Nuestra pobre América que comenzó su nueva industria, cuando
los toneles de Europa estaban traspasados de olorosos y antiguos alcoholes,
cuando los telares estaban consagrados por las tramas sutiles y asombrosas,
cuando la orfebrería podría enorgullecer su pasado con nombres de excepción,
cuando verdaderos magos, seleccionando maderas con cavidades y barnices, sabían
armar instrumentos de maravillosa sonoridad, cuando la historia estaba llena de
guerreros, el alma llena de místicos, el pensamiento lleno de filósofos, la
belleza llena de artistas y la ciencia llena de sabios.
Nuestra pobre América, a la que parecía no corresponderle otro
destino que el de la imitación.
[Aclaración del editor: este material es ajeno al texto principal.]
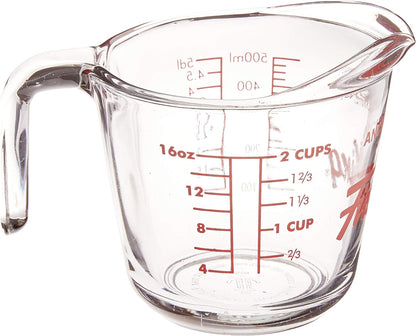 Anchor Hocking 2 Piece Glass Measuring Cup Set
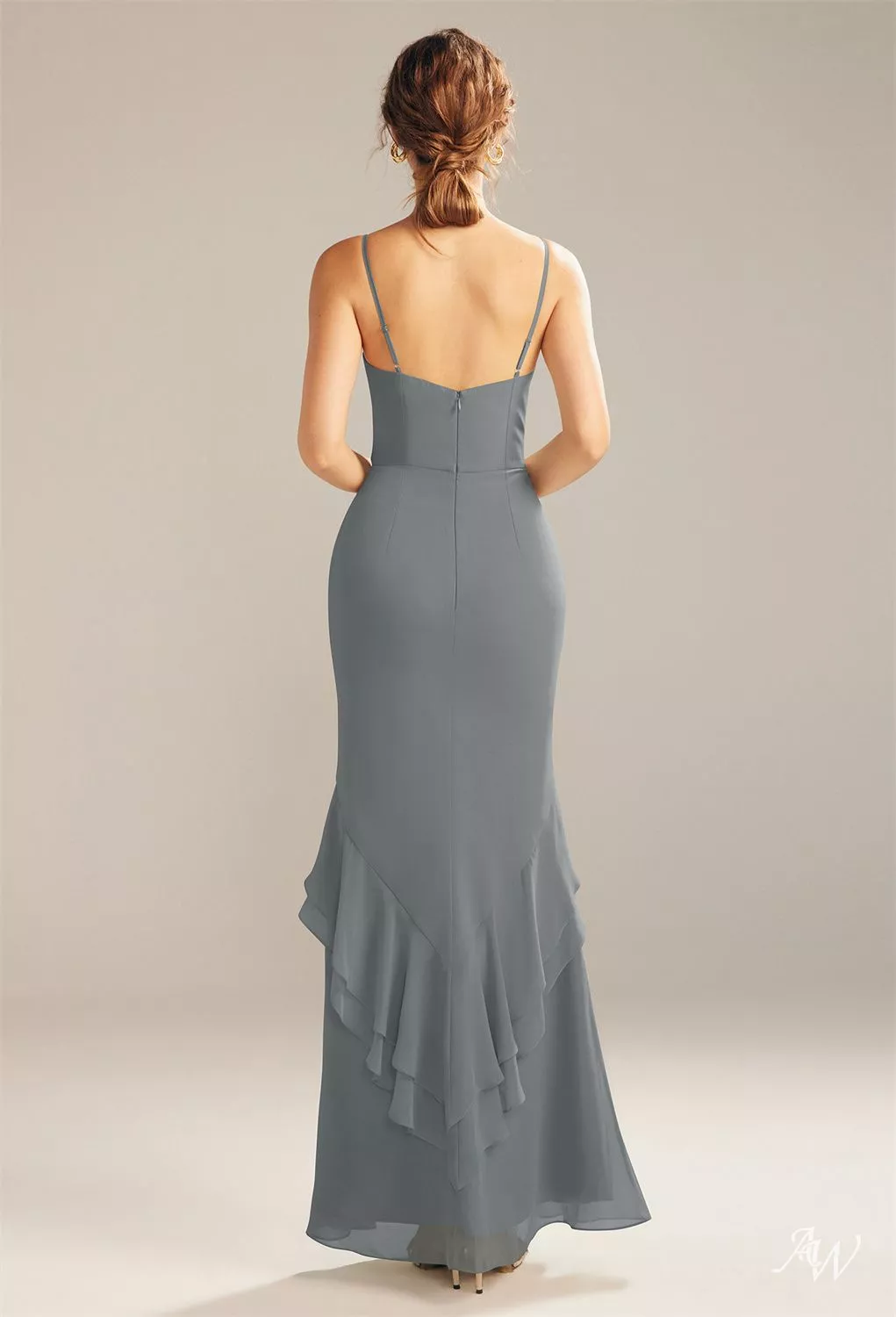 AW Claire Steel Gray Bridesmaid Dresses | AW.Bridal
Todo estaba bien hecho, todo estaba
insuperablemente terminado ¿para qué nuestra música? ¿para qué nuestros dioses?
¿para qué nuestras telas? ¿para qué nuestra ciencia? ¿para qué nuestro vino?.
Todo lo que cruzaba el mar, era mejor, y cuando no teníamos salvación apareció
lo popular para salvarnos, creación de pueblo, tenacidad de pueblo.
Lo popular no comparó lo malo con lo bueno, hacía lo malo y
cuando lo hacía creaba el gusto necesario para no rechazar su propia factura y
ciegamente, inconscientemente, estoicamente, prestó su aceptación a lo que
surgía de sí mismo y su repudio heroico a lo que venía desde lejos.